WASHINGTON (Reuters) - The U.S. State Department’s number two diplomat on Friday compared China’s behavior in pursuit of territory in the South China Sea to that of Russia in eastern Ukraine.

Chinese dredging vessels are purportedly seen in the waters around Mischief Reef in the disputed Spratly Islands in the South China Sea in this still image from video taken by a P-8A Poseidon surveillance aircraft provided by the United States Navy May 21, 2015. REUTERS/U.S. Navy/Handout via Reuters

Deputy Secretary of State Antony Blinken called China’s large scale reclamation projects in the South China Sea, “a threat to peace and stability.”

He said the United States took no position on the merits of competing claims in the disputed sea, but had a strong interest in how those were pursued, and in preserving freedom of navigation.

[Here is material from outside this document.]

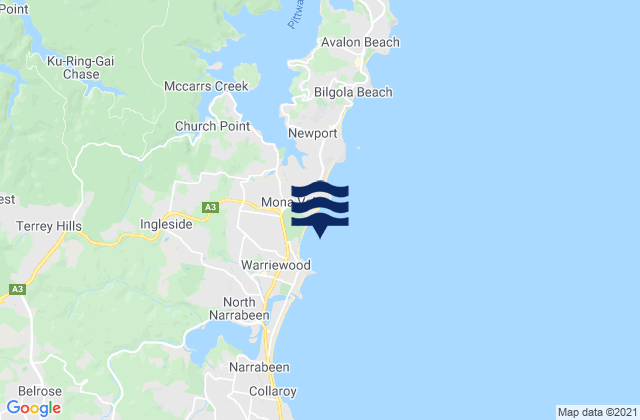 Warriewood Beach, Australia tide times map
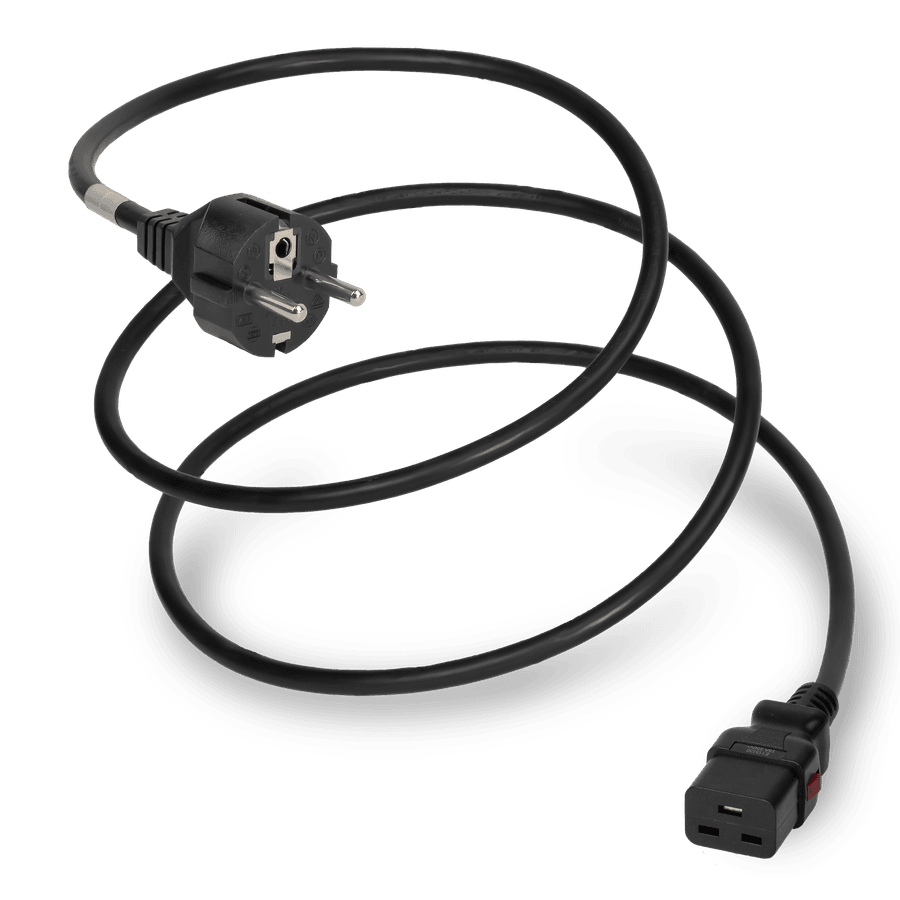 2.5M Black Standard European CEE7/7 to IEC320 C19 A-Lock 16A 250V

“The way forward is for China, and all claimants, to freeze their reclamation activities and resolve their difference in accordance the rule of law,” he said.

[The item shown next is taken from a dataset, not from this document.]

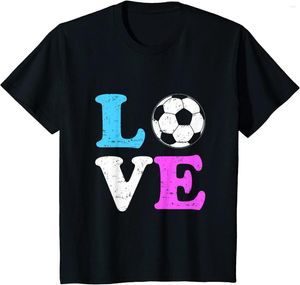 メンズTシャツの女の子がサッカーを愛しているIクールなスポーツプレーヤー面白いTシャツ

“In both eastern Ukraine and the South China Sea, we’re witnessing efforts to unilaterally and coercively change the status quo — transgressions that the United States and our allies stand united against,” Blinken said in a speech at the Center for a New American Security think tank.

China claims nearly all of the South China Sea and says it has every right to build up reefs there. Its top diplomat State Councilor Yang Jiechi said after talks with the United States this week that freedom of navigation in the Sea, through which $5 trillion in ship-borne trade passes every year, was guaranteed.

The comments come at a time of rising tensions between the United States and China over the latter’s increasingly assertive behavior in Asia and massive cyber attacks on U.S. government computers.

On Thursday, U.S. intelligence chief James Clapper said on China was the top suspect in the hacking attacks on the Office of Personnel Management, which compromised the data of millions of Americans.

It was the first time the Obama administration has publicly accused Beijing of the hacking, but Clapper said the attacks were still under investigation. Chinese Foreign Ministry spokesman Lu Kang called this “absurd logic.”

In April last year, U.S. Assistant Secretary of State for East Asia Daniel Russel said the prospect of economic retaliation should discourage Beijing from using force to pursue territorial claims in Asia in the way Russia had in Crimea. He also said China should not doubt the U.S. commitment to defend its Asian allies.